Per trovare la materia prima per gli ordigni da piazzare davanti agli esercizi commerciali da taglieggiare usavano anche i ragazzini: la cosca li mandava a comprare giochi pirotecnici da cui prendere la polvere da sparo. E’ uno degli aspetti emersi dall’operazione della Dda di Catanzaro, coordinata dal procuratore Nicola Gratteri, che ha portato all’arresto di 28 persone tra affiliati e contigui alla cosca Cerra-Torcasio-Gualtieri.

Sono stati usati anche minorenni che avevano il compito di acquistare giochi pirotecnici da cui prendere la polvere da sparo che poi doveva essere usata per la confezione di ordigni da piazzare davanti agli esercizi commerciali da taglieggiare. I reati contestati sono associazione a delinquere di stampo mafioso, traffico di droga ed estorsioni ai danni di commercianti e imprenditori di Lamezia Terme.

Tutti sono stati destinatari dell’ordinanza di custodia cautelare firmata dal gip Francesca Pizzini su richiesta del procuratore Gratteri, dell’aggiunto Vincenzo Capomola e del sostituto Elio Romano. I pm hanno iscritto nel registro degli indagati 50 persone. I vertici della consorteria mafiosa si trovavano già in carcere perché coinvolti in altre due inchieste che hanno gemmato l’indagine che ha portato all’operazione di oggi.

Ma anche dal carcere i boss comandavano il territorio di Lamezia. Secondo il gip, infatti, “hanno proseguito nella perpetrazione dei propri scopi criminali anche e soprattutto impartendo direttive dall’interno del luogo di reclusione così dimostrando tutta la loro pervicacia delinquenziale e descrivendo altresì un ambiente soggettivo di riferimento vasto e solidale”.

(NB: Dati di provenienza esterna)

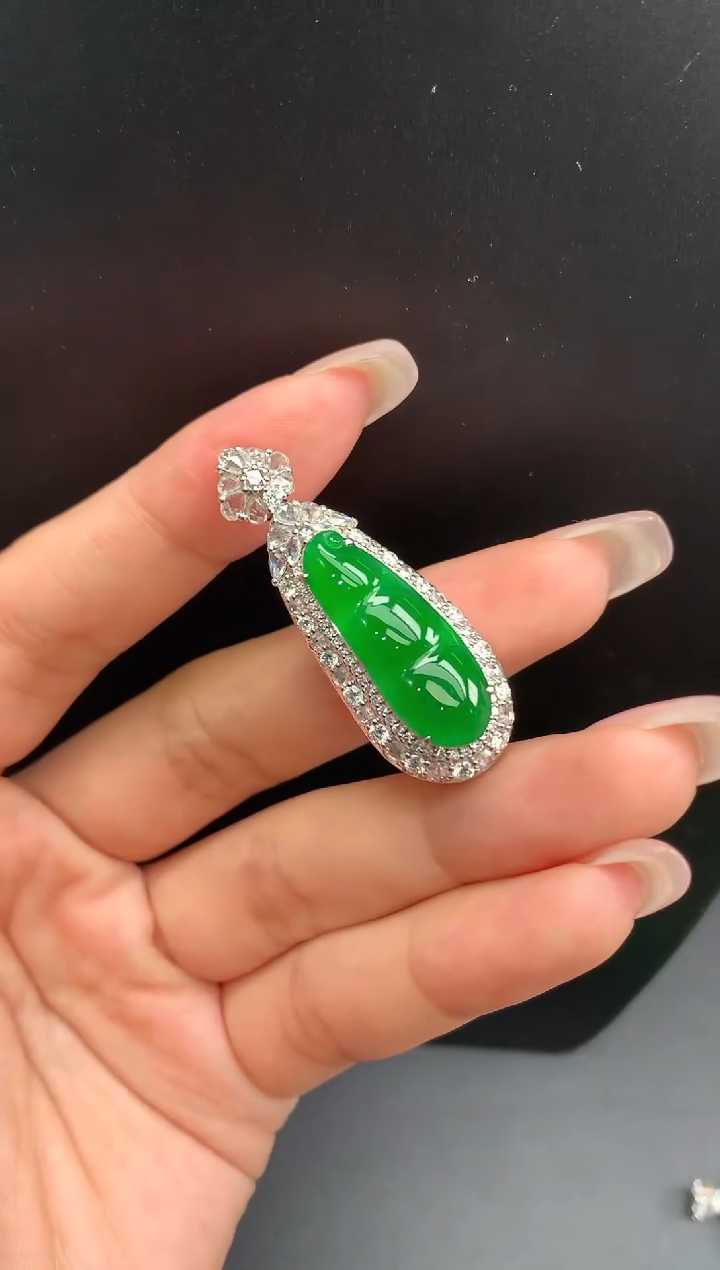 【闪购商品】翡翠颈饰18K金镶嵌豆子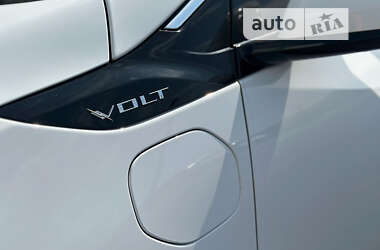 Хэтчбек Chevrolet Volt 2017 в Киеве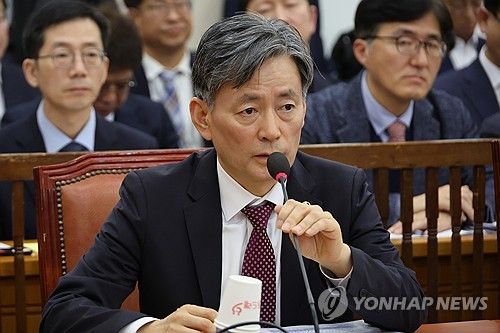 답변하는 조지호 경찰청장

L’indagine “Crisalide 3” è stata la continuazione duell’attività investigativa iniziata con “Crisalide 1” e “Crisalide 2”. Per Gratteri, i Cerra-Torcasio-Gualtieri sono una “cosca agguerrita”. “L’indagine – ha aggiunto – ha riguardato famiglie storiche di mafia di serie A“.

Tra gli arrestati c’è anche Antonio Grande, di 37 anni, già condannato per detenzione di armi e fino a ieri sottoposto all’obbligo di firma. Dopo l’arresto dei boss nelle precedenti inchieste aveva il compito di “raccogliere a titolo estorsivo, presso alcuni commercianti del Lametino, il denaro necessario per sostenere la vita carceraria di Ottorino Raineri”. Quest’ultimo, indagato, viene definito nell’ordinanza di custodia cautelare come il “soggetto posto al vertice della consorteria”. In carcere è finita anche la sua fidanzata Francesca Falvo che si occupava di “mantenere ‘vivi’ e ‘operativi’ i rapporti tra Ottorino e gli altri affiliati rimasti liberi”. In sostanza la donna era “l’anello di congiunzione” che provvedeva pure “al sostentamento della vita carceraria di Ottorino Raineri ricevendo da quest’ultimo precise imbasciate estorsive che la donna veicolava all’esterno delle case circondariali recapitandole ai commercianti vessati”. I pizzini, infatti, uscivano dal carcere nascosti all’interno di borsoni di biancheria da lavare che la Falvo ritirava prima di recapitare i messaggi agli altri associati.

Come sottolinea il procuratore aggiunto Capomolla “le cosche colpite oggi sono già state destinatarie di altre indagini e varie condanne. La cosca Cerra-Torcasio-Gualtieri, nonostante diversi arresti subiti al vertice, ha perpetuato un controllo illecito del territorio. Sono sopraggiunte nuove leve, impiegate in una massiccia attività estorsiva e intimidatoria”.

Fondamentale, come ha spiegato il colonnello dei carabinieri Massimo Ribaudo, il contributo delle parti offese. Pure a Lamezia Terme, insistono gli inquirenti, “si può fare impresa in maniera libera e senza l’oppressione che per anni ha caratterizzato buona parte della città nell’esercizio dell’attività economica”.